Pre Budget Expectations

  • Expectations of Senior Citizens: To hike the limit of taxable interest earned from Savings accounts and introduce or reintroduce some Government sponsored investment avenues which can be helpful for Senior Citizens to park their money in. Health is the biggest worry coupled with no active income, but higher expenditure. The expectation is to increase the exemption limits on Medical Treatment. 
  • Expectations of Small Businessman: Raising Service Tax exemption limit would be the main area small businessman eying for.
  • Expectations of homemaker: With government passing subsidy burden on to customers for LPG usage, etc.) It has really made it difficult for homemakers to manage their day to day life, apart from the ever existing pressure on account of high inflation. Income tax payers should get some relief in the forthcoming Budget as the government is considering a proposal to raise the annual income tax exemption limit to Rs. 3 lakh from the existing Rs. 2 lakh.
  • Expectation from Small and Medium investors:  Dividend Distribution tax and short-term capital gains taxes are key to market sentiment and should be reduced.

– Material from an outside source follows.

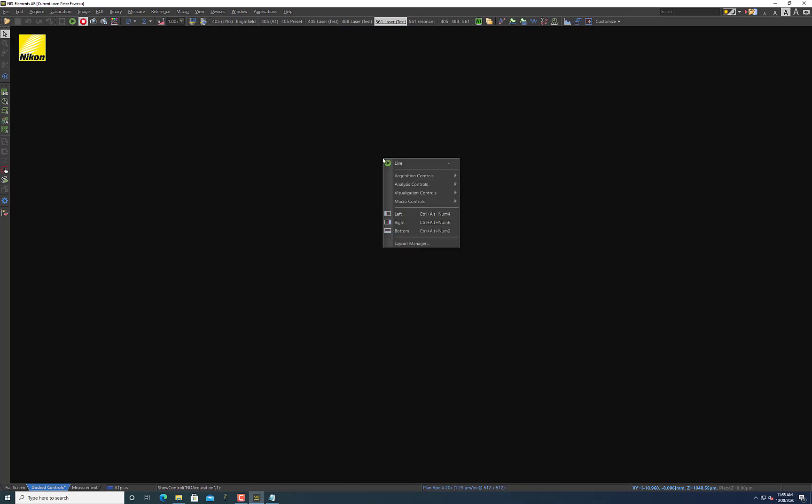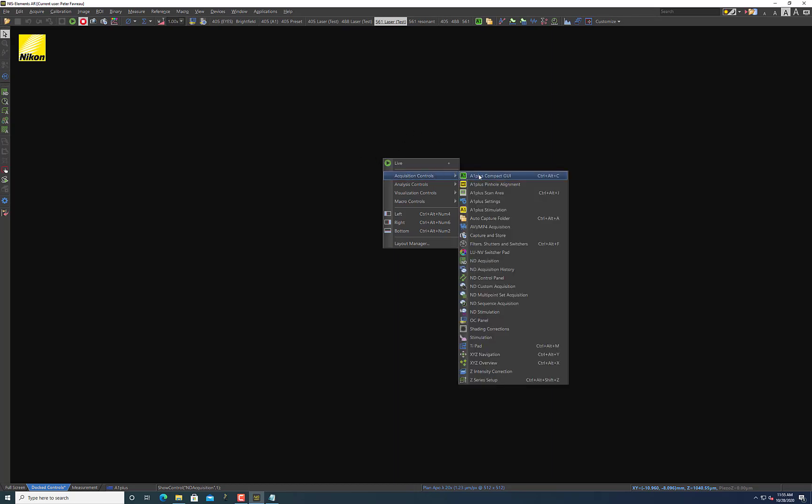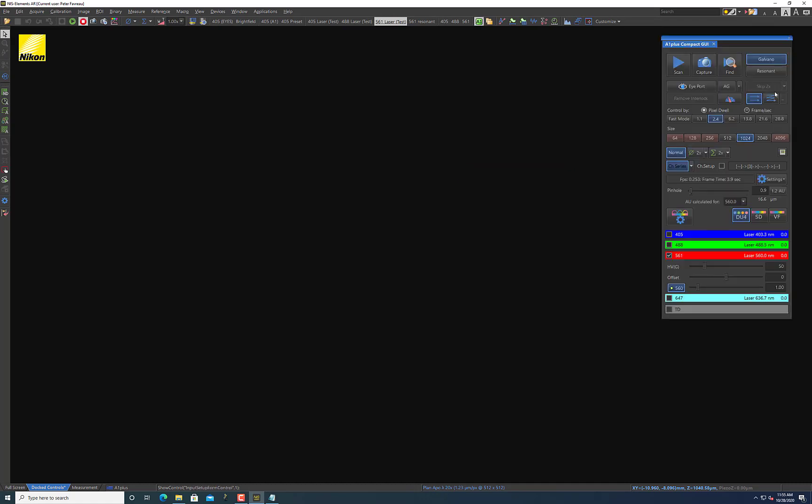So let's start by opening the A1 Plus GUI here in Elements. I'm just going to right-click anywhere, go to A1 Plus Compact GUI right here. I've explained some of the imaging parameters in previous videos, but I'll just show you that right now it's at galvano, which is the normal imaging mode that most people are used to, and I have it set for the 561 laser. My sample is already in focus, and let me just hit play.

  • The most popular section 80C: The present deduction available under Section 80C is upto Rs.1 lakh only. This limit is in force since 5-6 years. Considering the increasing inflation over the period, the limit should be revised and increased.
  • Principal amount of home loan and Stamp Duty charges: Real-estate prices have risen to a great extent over the last few years and so is the amount of home loans people are taking. Hence limits for tax deduction on these counts should be increased with immediate effect.
  • Interest on Home Loan: As mentioned above about the rise in home loan, interest on the same has also gone up and current limit of Rs. 150000/- should also be increased to provide the much needed benefit.
  • Tuition fees: The same goes for education cost which is also increasing day-by-day. Budget should increase the available deduction under or make a separate deduction for the same.
  • Infrastructure Bonds (80CCF): The deduction was available for investment under infrastructure bonds up to Rs.20, 000/-. The deduction was not available in the last financial budget. The same should be reintroduced with the enhanced limit.
  • Rajiv Gandhi Equity Scheme (80CCG):  This section was introduced in the last financial budget to attract small time investors to invest in equity market. This was not very much successful due to the complication and eligibility criteria of the scheme. Hence relaxation should be provided in the coming budget.